(Short text fragments from websites)
►

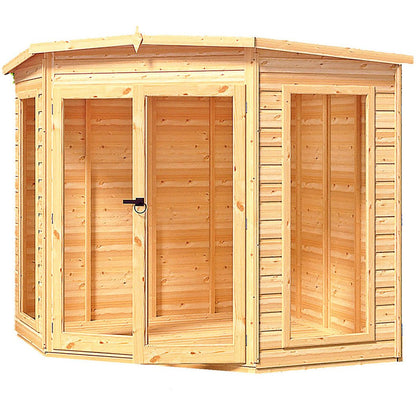 Shire Barclay 7x7ft Corner Double Door T&G Wooden Summerhouse - JJ Building Materials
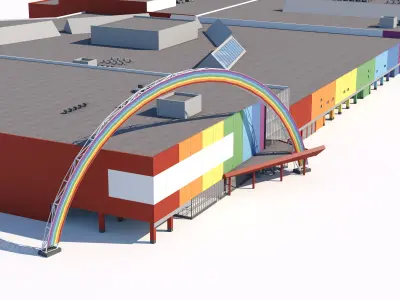 Modern shopping mall with colorful exterior design 3D model
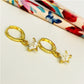 XO207 Aro Argolla con Estrella de Cristal Largo Total 22 mm Estrella 8 mm Aro Baño Oro Aros Bañados en Oro y Plata hecho de Bronce Bañado en Oro 18K Joyas Bañadas en Oro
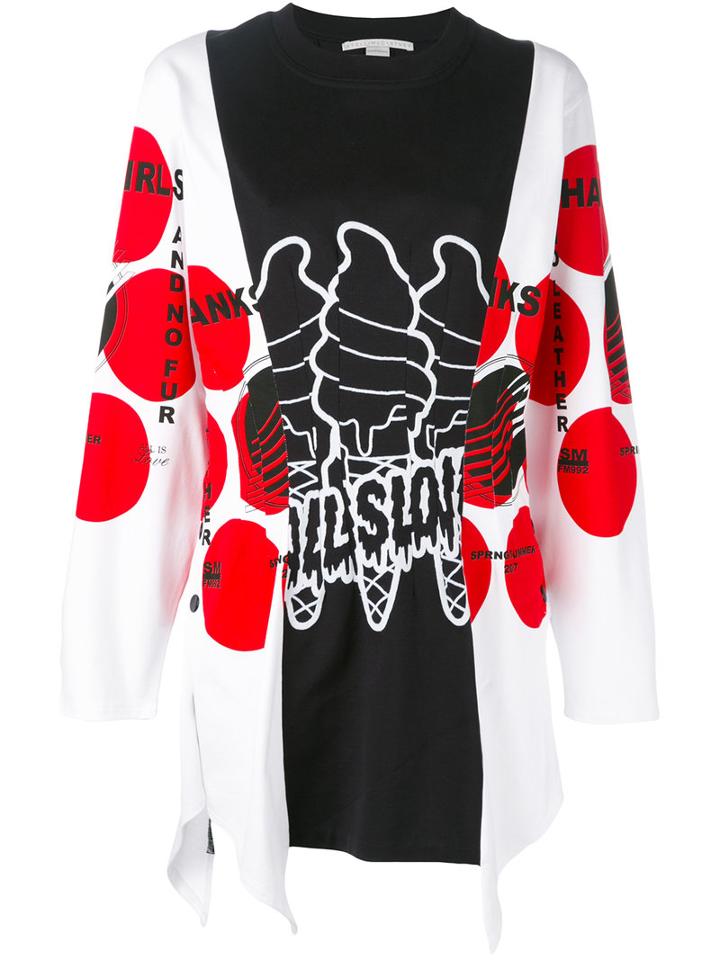 Stella Mccartney - Mixed Print Draped Top - Women - Cotton/viscose - 42, Women's, Black, Cotton/viscose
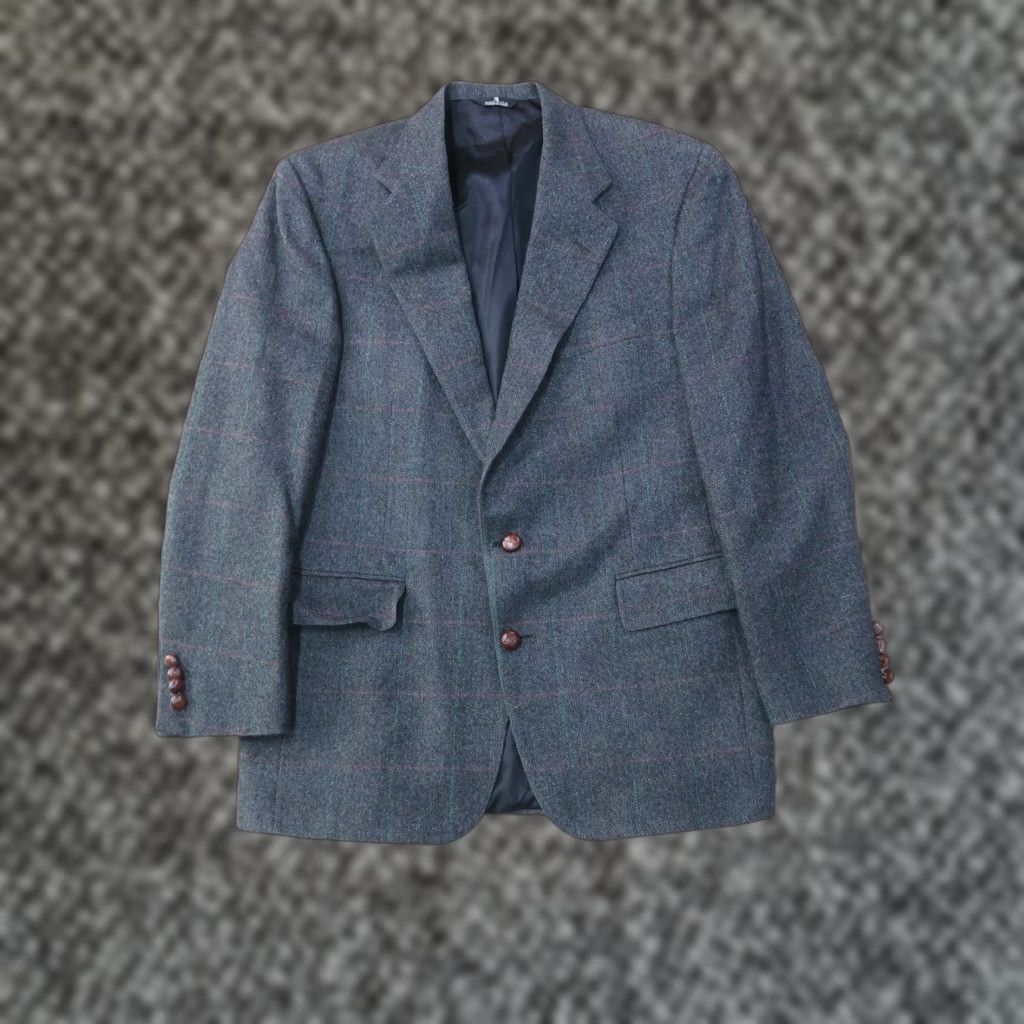 VINTAGE Chaps Ralph Lauren Blazer 40 Plaid Gray Wool 2 Button Single-Breasted Notch Lapel Mens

◄

■ **TRY IT**
Repeat the data word for word. Images are not part of the copy.

■ **RESPONSE AREA**
 Shire Barclay 7x7ft Corner Double Door T&G Wooden Summerhouse - JJ Building Materials
 Modern shopping mall with colorful exterior design 3D model
 XO207 Aro Argolla con Estrella de Cristal Largo Total 22 mm Estrella 8 mm Aro Baño Oro Aros Bañados en Oro y Plata hecho de Bronce Bañado en Oro 18K Joyas Bañadas en Oro
 Stella Mccartney - Mixed Print Draped Top - Women - Cotton/viscose - 42, Women's, Black, Cotton/viscose
 VINTAGE Chaps Ralph Lauren Blazer 40 Plaid Gray Wool 2 Button Single-Breasted Notch Lapel Mens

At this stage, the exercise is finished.